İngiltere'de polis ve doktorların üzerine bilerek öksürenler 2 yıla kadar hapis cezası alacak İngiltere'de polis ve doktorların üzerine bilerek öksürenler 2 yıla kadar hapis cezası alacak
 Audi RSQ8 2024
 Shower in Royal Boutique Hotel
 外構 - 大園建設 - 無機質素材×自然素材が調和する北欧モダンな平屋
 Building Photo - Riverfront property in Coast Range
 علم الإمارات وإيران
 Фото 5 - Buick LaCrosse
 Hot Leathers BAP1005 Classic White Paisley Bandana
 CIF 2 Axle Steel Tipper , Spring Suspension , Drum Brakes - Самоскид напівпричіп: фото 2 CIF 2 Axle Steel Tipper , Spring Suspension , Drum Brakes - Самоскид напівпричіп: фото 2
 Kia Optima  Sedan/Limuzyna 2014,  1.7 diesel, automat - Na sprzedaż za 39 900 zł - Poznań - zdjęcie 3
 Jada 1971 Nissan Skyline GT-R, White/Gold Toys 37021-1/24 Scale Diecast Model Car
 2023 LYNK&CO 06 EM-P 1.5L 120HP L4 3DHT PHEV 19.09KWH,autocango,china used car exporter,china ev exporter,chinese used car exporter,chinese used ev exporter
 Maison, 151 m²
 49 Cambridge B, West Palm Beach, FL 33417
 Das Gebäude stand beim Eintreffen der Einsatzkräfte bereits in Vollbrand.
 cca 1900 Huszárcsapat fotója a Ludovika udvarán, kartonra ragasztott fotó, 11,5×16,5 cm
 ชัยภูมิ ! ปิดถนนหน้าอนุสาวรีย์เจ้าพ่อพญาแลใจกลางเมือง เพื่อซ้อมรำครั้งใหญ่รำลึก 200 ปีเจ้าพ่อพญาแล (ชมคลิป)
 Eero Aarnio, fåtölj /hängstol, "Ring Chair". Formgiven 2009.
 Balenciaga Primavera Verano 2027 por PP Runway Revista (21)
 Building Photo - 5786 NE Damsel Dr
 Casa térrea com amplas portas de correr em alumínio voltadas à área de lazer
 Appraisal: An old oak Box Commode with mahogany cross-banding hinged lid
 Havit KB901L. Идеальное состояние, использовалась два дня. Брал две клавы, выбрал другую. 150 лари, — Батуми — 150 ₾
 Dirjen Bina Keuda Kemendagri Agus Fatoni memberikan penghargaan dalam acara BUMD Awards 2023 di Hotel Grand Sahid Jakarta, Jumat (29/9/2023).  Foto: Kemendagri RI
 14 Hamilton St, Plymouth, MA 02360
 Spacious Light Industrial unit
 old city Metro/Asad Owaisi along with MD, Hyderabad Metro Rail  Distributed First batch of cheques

**Exercise requirements:**
Would you please transcribe the lines above exactly, starting with the first line of the material and ending with the line that has "外構 - 大園建設 - 無機質素材×自然素材が調和する北欧モダンな平屋"?

**Answer to this exercise:**
İngiltere'de polis ve doktorların üzerine bilerek öksürenler 2 yıla kadar hapis cezası alacak İngiltere'de polis ve doktorların üzerine bilerek öksürenler 2 yıla kadar hapis cezası alacak
 Audi RSQ8 2024
 Shower in Royal Boutique Hotel
 外構 - 大園建設 - 無機質素材×自然素材が調和する北欧モダンな平屋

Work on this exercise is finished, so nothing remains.